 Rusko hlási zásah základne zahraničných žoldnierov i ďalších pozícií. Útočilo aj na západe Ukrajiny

========

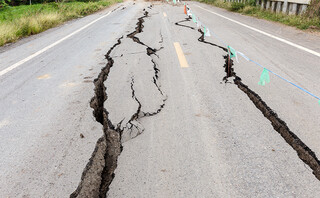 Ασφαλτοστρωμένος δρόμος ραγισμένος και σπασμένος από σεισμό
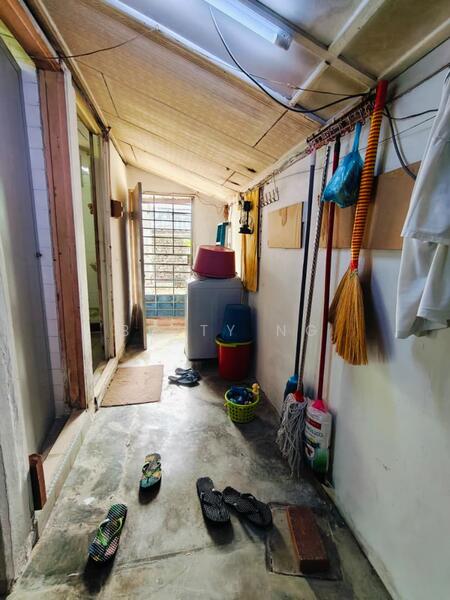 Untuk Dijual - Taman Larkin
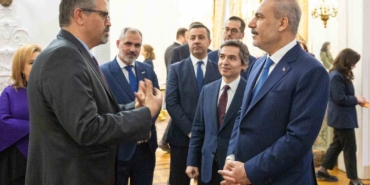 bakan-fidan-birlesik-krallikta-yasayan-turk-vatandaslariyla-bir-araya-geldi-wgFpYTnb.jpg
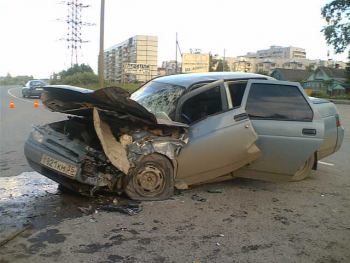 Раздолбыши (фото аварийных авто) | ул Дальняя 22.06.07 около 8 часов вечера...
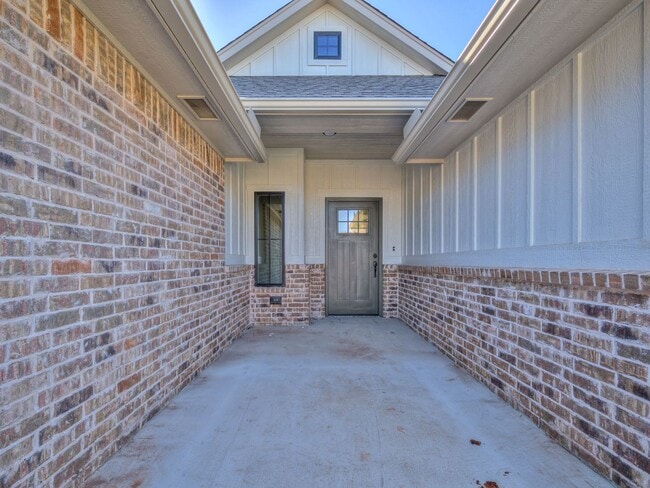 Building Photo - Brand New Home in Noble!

========

Although pictures appear among the records above, write out exactly only the lines from the one that has "Ασφαλτοστρωμένος δρόμος ραγισμένος" through the one that has "Раздолбыши (фото аварийных", and leave the pictures out.

 Ασφαλτοστρωμένος δρόμος ραγισμένος και σπασμένος από σεισμό
 Untuk Dijual - Taman Larkin
 bakan-fidan-birlesik-krallikta-yasayan-turk-vatandaslariyla-bir-araya-geldi-wgFpYTnb.jpg
 Раздолбыши (фото аварийных авто) | ул Дальняя 22.06.07 около 8 часов вечера...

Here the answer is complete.